To start with, I have two batches fermenting, one a 6 Gallon coffee porter and one a 5 gallon gluten free sorgum based IPA. Starting gravities were 1.063 and 1.069, respectively.

Both beers have been in the same environment, in the basement. Temperature fluctuates between 59-68 degrees, given I'm in the north east.

I'm on day 6 of fermentation. I did a check as I haven't seen much activity from the gluten free beer. The G/F is at 1.042, showing very slow movement, while the porter is at 1.020.

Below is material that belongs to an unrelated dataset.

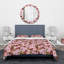 Ensemble de housse de couette designart fleuring-35229104-55412860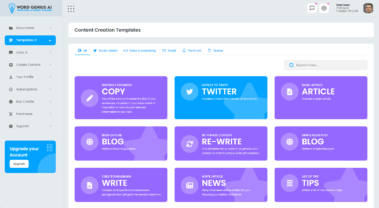 Word Genius AI Screenshot 4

Is sorgum known to not ferment as fast? Should I be concerned and possibly be adding more yeast or yeast nutrient?

Thanks!!
 
Possibly shocking the yeast with the temp swings which could cause them to stall, at this point i would try and get it in a 68-70F area and leave it for a week or 2 and check gravity again
 
Got to agree that those are not ideal temp swings. Maybe move the GF beer out of the basement for a week and see if it'll kick start it a bit.
 
thanks for the replies. Yea, I figured temperature might have had a play in it. What I didn't understand is why one beer is almost complete, while the other is stalled out. They are using different yeasts though, which may have something to do with that.
 
thanks for the replies. Yea, I figured temperature might have had a play in it. What I didn't understand is why one beer is almost complete, while the other is stalled out. They are using different yeasts though, which may have something to do with that.
probably have different fermentability, all fermentations are unique
 
Different yeasts have different temp ranges. The different yeasts may be the problem. The GF beer may not have all the nutrients the yeast needs. Malt beers have most nutrients. You might want to try adding some yeast nutrient as well as raising the temperature.

If the beers are on the floor of the basement, they may be cooler than you think. The floor is probably colder than the air temperature, and the fermenter will take the temperature of the floor over the air temp.
 
thank you guys for the great advice. I moved the buckets off of the floor ( onto the kitchen table in the basement ), raised the temp, and added yeast nutrient.

Shes bubbling pretty good this morning!!!
 
So after a few days, the beer has seen progress, going from 1.042 down to 1.032. The bubbling had been quite steady, but has seems to come to a halt at this point. I'll test again in a couple days to reassess and confirm that it is not moving.

Its a sorgum based IPA, with an OG of 1.069. I had imagined I would want it to get down to at least 1.020. If I find that it seems to have stalled out, should I add more yeast? I had used one packet of US-05, and its a 5 gallon batch.
 
I'd raise it to 72-75. The flavor profile is already set so the higher temperature won't change the flavor. Swirling the fermenter to stir in the yeast may help too.
 
I found my issue! I dry hopped as I was supposed to and it restarted everything. Final gravity is 1.012. Thank you everyone for the input!!